**RECORDS TO PROCESS**
----------

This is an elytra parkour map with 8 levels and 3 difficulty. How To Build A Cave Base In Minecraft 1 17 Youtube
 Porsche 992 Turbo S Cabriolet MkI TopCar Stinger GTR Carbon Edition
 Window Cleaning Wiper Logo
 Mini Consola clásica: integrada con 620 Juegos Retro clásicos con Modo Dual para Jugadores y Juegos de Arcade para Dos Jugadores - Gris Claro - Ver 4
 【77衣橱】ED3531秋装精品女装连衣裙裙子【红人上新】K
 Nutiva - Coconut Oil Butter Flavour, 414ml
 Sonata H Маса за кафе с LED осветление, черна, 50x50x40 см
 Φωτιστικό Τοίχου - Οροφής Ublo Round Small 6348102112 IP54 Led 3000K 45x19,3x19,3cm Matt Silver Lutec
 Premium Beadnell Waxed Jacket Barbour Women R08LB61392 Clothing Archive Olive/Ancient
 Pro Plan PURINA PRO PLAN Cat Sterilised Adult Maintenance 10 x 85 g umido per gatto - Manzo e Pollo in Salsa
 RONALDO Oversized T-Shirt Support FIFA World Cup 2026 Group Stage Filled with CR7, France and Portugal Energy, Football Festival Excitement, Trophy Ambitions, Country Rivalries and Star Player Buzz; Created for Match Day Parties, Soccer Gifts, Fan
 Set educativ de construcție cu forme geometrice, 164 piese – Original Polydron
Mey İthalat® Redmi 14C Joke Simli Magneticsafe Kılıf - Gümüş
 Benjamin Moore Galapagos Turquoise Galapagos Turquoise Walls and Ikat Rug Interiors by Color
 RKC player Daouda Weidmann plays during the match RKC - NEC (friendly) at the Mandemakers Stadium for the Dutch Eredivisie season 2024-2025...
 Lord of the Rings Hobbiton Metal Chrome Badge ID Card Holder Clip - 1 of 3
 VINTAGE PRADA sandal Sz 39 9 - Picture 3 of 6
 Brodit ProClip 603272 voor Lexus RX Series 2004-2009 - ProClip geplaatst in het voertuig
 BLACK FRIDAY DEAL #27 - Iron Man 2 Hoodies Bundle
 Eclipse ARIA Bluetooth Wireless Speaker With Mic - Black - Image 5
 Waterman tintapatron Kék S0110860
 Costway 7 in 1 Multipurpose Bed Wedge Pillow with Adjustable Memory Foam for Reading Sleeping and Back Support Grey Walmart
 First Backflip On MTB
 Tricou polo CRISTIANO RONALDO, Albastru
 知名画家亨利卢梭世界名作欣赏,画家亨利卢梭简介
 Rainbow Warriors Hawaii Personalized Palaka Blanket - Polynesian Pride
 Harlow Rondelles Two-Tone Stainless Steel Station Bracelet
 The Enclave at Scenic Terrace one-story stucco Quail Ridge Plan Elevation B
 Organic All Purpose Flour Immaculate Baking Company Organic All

----------

**YOUR TASK**
Recreate the listing word for word, omitting nothing.

**YOUR SOLUTION**
This is an elytra parkour map with 8 levels and 3 difficulty. How To Build A Cave Base In Minecraft 1 17 Youtube
 Porsche 992 Turbo S Cabriolet MkI TopCar Stinger GTR Carbon Edition
 Window Cleaning Wiper Logo
 Mini Consola clásica: integrada con 620 Juegos Retro clásicos con Modo Dual para Jugadores y Juegos de Arcade para Dos Jugadores - Gris Claro - Ver 4
 【77衣橱】ED3531秋装精品女装连衣裙裙子【红人上新】K
 Nutiva - Coconut Oil Butter Flavour, 414ml
 Sonata H Маса за кафе с LED осветление, черна, 50x50x40 см
 Φωτιστικό Τοίχου - Οροφής Ublo Round Small 6348102112 IP54 Led 3000K 45x19,3x19,3cm Matt Silver Lutec
 Premium Beadnell Waxed Jacket Barbour Women R08LB61392 Clothing Archive Olive/Ancient
 Pro Plan PURINA PRO PLAN Cat Sterilised Adult Maintenance 10 x 85 g umido per gatto - Manzo e Pollo in Salsa
 RONALDO Oversized T-Shirt Support FIFA World Cup 2026 Group Stage Filled with CR7, France and Portugal Energy, Football Festival Excitement, Trophy Ambitions, Country Rivalries and Star Player Buzz; Created for Match Day Parties, Soccer Gifts, Fan
 Set educativ de construcție cu forme geometrice, 164 piese – Original Polydron
Mey İthalat® Redmi 14C Joke Simli Magneticsafe Kılıf - Gümüş
 Benjamin Moore Galapagos Turquoise Galapagos Turquoise Walls and Ikat Rug Interiors by Color
 RKC player Daouda Weidmann plays during the match RKC - NEC (friendly) at the Mandemakers Stadium for the Dutch Eredivisie season 2024-2025...
 Lord of the Rings Hobbiton Metal Chrome Badge ID Card Holder Clip - 1 of 3
 VINTAGE PRADA sandal Sz 39 9 - Picture 3 of 6
 Brodit ProClip 603272 voor Lexus RX Series 2004-2009 - ProClip geplaatst in het voertuig
 BLACK FRIDAY DEAL #27 - Iron Man 2 Hoodies Bundle
 Eclipse ARIA Bluetooth Wireless Speaker With Mic - Black - Image 5
 Waterman tintapatron Kék S0110860
 Costway 7 in 1 Multipurpose Bed Wedge Pillow with Adjustable Memory Foam for Reading Sleeping and Back Support Grey Walmart
 First Backflip On MTB
 Tricou polo CRISTIANO RONALDO, Albastru
 知名画家亨利卢梭世界名作欣赏,画家亨利卢梭简介
 Rainbow Warriors Hawaii Personalized Palaka Blanket - Polynesian Pride
 Harlow Rondelles Two-Tone Stainless Steel Station Bracelet
 The Enclave at Scenic Terrace one-story stucco Quail Ridge Plan Elevation B
 Organic All Purpose Flour Immaculate Baking Company Organic All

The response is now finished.